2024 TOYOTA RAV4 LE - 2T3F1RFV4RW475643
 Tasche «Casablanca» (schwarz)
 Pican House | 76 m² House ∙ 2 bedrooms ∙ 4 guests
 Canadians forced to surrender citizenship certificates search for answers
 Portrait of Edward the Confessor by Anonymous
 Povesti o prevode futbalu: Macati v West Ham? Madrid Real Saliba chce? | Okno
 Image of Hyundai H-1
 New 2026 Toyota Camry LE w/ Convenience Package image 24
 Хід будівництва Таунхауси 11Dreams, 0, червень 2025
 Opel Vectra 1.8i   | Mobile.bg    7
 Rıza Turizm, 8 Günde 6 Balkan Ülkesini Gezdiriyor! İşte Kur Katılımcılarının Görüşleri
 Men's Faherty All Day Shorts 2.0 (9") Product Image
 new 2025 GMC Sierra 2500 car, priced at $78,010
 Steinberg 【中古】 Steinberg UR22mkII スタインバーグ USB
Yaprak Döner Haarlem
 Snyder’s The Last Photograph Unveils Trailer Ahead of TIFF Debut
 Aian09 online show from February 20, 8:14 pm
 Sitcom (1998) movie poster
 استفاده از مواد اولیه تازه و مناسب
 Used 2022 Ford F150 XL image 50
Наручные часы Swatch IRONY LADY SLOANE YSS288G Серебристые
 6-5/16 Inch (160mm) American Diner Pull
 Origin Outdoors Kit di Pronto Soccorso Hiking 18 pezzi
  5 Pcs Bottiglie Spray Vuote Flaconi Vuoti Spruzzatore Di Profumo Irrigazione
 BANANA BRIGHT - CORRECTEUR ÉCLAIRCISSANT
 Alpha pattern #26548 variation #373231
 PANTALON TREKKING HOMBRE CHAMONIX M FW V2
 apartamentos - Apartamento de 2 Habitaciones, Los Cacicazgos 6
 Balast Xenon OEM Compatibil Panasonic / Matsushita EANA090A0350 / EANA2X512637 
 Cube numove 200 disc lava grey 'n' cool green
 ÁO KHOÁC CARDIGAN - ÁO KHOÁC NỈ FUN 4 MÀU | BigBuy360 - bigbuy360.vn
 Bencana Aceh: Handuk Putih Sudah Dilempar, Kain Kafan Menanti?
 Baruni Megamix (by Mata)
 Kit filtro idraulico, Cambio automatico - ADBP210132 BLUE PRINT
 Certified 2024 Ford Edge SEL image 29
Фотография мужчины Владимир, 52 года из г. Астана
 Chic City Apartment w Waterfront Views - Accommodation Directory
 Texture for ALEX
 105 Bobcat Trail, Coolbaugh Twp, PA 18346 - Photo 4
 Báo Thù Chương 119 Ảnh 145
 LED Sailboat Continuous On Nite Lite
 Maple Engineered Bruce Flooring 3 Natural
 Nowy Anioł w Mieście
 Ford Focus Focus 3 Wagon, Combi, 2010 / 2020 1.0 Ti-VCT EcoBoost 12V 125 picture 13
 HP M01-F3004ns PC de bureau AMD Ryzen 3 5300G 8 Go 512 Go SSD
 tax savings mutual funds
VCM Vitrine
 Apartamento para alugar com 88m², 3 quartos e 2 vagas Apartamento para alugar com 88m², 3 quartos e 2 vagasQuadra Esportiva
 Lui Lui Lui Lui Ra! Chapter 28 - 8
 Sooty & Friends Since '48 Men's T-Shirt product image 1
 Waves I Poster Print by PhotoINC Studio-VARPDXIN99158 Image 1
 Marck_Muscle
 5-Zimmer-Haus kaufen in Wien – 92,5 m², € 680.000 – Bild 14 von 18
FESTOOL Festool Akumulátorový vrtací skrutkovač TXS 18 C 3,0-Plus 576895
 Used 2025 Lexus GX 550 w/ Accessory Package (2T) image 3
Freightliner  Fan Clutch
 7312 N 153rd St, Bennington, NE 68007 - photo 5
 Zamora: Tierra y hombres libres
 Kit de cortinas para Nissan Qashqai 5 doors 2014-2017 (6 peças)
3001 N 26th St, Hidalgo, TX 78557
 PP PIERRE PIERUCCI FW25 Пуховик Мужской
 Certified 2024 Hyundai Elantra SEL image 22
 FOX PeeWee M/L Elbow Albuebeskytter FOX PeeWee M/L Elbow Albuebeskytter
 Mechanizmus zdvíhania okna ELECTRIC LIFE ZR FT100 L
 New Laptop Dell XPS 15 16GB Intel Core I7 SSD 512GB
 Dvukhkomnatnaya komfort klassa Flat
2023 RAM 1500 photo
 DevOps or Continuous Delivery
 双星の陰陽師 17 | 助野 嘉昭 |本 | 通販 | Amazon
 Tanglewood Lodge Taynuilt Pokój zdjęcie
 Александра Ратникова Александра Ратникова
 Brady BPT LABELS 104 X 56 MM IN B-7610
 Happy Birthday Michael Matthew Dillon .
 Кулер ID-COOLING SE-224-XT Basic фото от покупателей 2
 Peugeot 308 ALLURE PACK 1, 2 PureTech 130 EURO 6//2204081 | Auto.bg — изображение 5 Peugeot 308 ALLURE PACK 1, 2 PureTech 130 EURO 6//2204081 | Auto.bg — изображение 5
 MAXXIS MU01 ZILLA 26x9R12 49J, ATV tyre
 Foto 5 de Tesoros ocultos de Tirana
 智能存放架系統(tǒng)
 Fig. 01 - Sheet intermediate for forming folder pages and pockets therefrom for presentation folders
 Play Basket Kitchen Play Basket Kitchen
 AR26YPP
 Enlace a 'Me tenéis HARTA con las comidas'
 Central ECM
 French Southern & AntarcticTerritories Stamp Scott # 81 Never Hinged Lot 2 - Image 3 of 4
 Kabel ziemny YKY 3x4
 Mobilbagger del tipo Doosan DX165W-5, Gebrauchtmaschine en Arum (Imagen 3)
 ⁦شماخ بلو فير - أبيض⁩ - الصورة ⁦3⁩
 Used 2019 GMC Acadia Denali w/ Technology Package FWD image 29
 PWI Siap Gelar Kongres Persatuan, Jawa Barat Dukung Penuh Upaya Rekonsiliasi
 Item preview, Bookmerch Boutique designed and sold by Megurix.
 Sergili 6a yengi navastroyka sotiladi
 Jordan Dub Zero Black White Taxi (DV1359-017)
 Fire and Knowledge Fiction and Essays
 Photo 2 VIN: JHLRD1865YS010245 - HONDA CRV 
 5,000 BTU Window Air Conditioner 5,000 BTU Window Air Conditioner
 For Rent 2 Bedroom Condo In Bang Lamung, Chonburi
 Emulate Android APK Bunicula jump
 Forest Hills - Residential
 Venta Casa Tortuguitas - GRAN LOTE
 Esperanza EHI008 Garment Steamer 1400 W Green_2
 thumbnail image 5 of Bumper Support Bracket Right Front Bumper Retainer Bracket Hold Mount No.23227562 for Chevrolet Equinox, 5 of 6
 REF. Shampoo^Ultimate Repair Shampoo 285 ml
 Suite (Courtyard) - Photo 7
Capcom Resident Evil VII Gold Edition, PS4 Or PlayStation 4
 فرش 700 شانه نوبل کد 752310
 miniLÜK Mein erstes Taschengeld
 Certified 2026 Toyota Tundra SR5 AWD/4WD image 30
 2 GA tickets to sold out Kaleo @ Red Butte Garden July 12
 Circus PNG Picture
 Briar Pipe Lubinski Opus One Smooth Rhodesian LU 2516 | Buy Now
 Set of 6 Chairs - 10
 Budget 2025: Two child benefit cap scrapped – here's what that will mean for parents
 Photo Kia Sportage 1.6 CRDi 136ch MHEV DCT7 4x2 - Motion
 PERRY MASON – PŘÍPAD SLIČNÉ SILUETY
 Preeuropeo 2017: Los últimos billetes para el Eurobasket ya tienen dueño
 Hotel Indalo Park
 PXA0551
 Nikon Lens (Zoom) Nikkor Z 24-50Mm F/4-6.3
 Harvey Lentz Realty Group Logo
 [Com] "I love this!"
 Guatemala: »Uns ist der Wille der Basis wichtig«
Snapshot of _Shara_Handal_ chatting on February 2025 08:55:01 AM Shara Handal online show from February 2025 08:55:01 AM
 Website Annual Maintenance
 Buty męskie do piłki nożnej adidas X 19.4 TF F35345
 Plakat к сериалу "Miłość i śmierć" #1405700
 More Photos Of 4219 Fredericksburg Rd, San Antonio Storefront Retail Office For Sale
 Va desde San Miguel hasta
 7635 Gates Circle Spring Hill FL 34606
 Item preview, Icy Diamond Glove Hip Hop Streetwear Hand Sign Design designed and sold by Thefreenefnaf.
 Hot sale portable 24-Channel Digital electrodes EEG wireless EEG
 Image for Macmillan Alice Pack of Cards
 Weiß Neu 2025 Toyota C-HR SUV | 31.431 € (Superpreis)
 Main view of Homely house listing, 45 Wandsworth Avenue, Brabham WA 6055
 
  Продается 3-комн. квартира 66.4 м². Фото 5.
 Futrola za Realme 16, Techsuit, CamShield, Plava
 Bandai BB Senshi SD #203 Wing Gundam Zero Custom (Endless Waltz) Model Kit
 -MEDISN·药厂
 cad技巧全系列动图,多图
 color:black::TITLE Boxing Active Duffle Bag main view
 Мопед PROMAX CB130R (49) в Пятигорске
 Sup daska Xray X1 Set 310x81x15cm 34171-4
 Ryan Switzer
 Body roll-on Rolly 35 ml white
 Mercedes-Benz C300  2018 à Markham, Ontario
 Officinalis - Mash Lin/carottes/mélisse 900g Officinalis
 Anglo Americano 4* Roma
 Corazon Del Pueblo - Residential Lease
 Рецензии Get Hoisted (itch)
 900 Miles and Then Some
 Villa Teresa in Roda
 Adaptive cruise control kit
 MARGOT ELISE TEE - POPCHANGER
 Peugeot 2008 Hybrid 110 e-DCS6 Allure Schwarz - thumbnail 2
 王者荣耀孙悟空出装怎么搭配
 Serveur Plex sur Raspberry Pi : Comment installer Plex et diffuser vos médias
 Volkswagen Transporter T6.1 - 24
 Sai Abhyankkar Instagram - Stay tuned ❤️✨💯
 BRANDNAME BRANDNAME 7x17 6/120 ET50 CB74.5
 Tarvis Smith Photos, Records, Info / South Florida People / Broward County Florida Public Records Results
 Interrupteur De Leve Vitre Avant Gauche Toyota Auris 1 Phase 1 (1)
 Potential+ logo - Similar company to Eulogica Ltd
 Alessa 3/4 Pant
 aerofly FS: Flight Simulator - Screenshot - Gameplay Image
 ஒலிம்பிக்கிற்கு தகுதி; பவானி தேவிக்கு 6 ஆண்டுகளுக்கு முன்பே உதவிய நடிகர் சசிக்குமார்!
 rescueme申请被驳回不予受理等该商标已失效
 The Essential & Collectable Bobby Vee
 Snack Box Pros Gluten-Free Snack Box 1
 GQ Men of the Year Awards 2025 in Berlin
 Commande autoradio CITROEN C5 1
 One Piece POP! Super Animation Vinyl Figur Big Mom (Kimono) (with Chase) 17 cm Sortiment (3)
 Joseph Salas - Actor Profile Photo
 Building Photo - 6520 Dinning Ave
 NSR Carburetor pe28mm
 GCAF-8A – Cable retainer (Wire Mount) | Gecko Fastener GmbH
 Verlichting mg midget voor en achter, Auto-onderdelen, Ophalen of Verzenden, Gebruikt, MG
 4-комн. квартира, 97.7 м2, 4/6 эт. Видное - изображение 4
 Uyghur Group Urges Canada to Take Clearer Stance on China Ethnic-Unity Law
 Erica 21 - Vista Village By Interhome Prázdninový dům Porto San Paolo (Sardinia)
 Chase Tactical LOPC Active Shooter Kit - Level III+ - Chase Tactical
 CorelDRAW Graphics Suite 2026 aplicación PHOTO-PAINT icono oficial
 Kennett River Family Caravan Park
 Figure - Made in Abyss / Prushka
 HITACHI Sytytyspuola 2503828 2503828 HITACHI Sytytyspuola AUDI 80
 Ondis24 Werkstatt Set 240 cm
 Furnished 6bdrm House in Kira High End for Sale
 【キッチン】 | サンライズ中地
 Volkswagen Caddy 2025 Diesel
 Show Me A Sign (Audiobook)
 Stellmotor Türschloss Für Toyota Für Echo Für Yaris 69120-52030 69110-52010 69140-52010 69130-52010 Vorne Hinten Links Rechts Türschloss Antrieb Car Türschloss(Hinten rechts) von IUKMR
•••
Retype exactly the lines of the data above that fall between the line with "Sup daska Xray X1 Set 310x81x15cm 34171-4" and the line with "GCAF-8A – Cable", inclusive, and add nothing.

 Sup daska Xray X1 Set 310x81x15cm 34171-4
 Ryan Switzer
 Body roll-on Rolly 35 ml white
 Mercedes-Benz C300  2018 à Markham, Ontario
 Officinalis - Mash Lin/carottes/mélisse 900g Officinalis
 Anglo Americano 4* Roma
 Corazon Del Pueblo - Residential Lease
 Рецензии Get Hoisted (itch)
 900 Miles and Then Some
 Villa Teresa in Roda
 Adaptive cruise control kit
 MARGOT ELISE TEE - POPCHANGER
 Peugeot 2008 Hybrid 110 e-DCS6 Allure Schwarz - thumbnail 2
 王者荣耀孙悟空出装怎么搭配
 Serveur Plex sur Raspberry Pi : Comment installer Plex et diffuser vos médias
 Volkswagen Transporter T6.1 - 24
 Sai Abhyankkar Instagram - Stay tuned ❤️✨💯
 BRANDNAME BRANDNAME 7x17 6/120 ET50 CB74.5
 Tarvis Smith Photos, Records, Info / South Florida People / Broward County Florida Public Records Results
 Interrupteur De Leve Vitre Avant Gauche Toyota Auris 1 Phase 1 (1)
 Potential+ logo - Similar company to Eulogica Ltd
 Alessa 3/4 Pant
 aerofly FS: Flight Simulator - Screenshot - Gameplay Image
 ஒலிம்பிக்கிற்கு தகுதி; பவானி தேவிக்கு 6 ஆண்டுகளுக்கு முன்பே உதவிய நடிகர் சசிக்குமார்!
 rescueme申请被驳回不予受理等该商标已失效
 The Essential & Collectable Bobby Vee
 Snack Box Pros Gluten-Free Snack Box 1
 GQ Men of the Year Awards 2025 in Berlin
 Commande autoradio CITROEN C5 1
 One Piece POP! Super Animation Vinyl Figur Big Mom (Kimono) (with Chase) 17 cm Sortiment (3)
 Joseph Salas - Actor Profile Photo
 Building Photo - 6520 Dinning Ave
 NSR Carburetor pe28mm
 GCAF-8A – Cable retainer (Wire Mount) | Gecko Fastener GmbH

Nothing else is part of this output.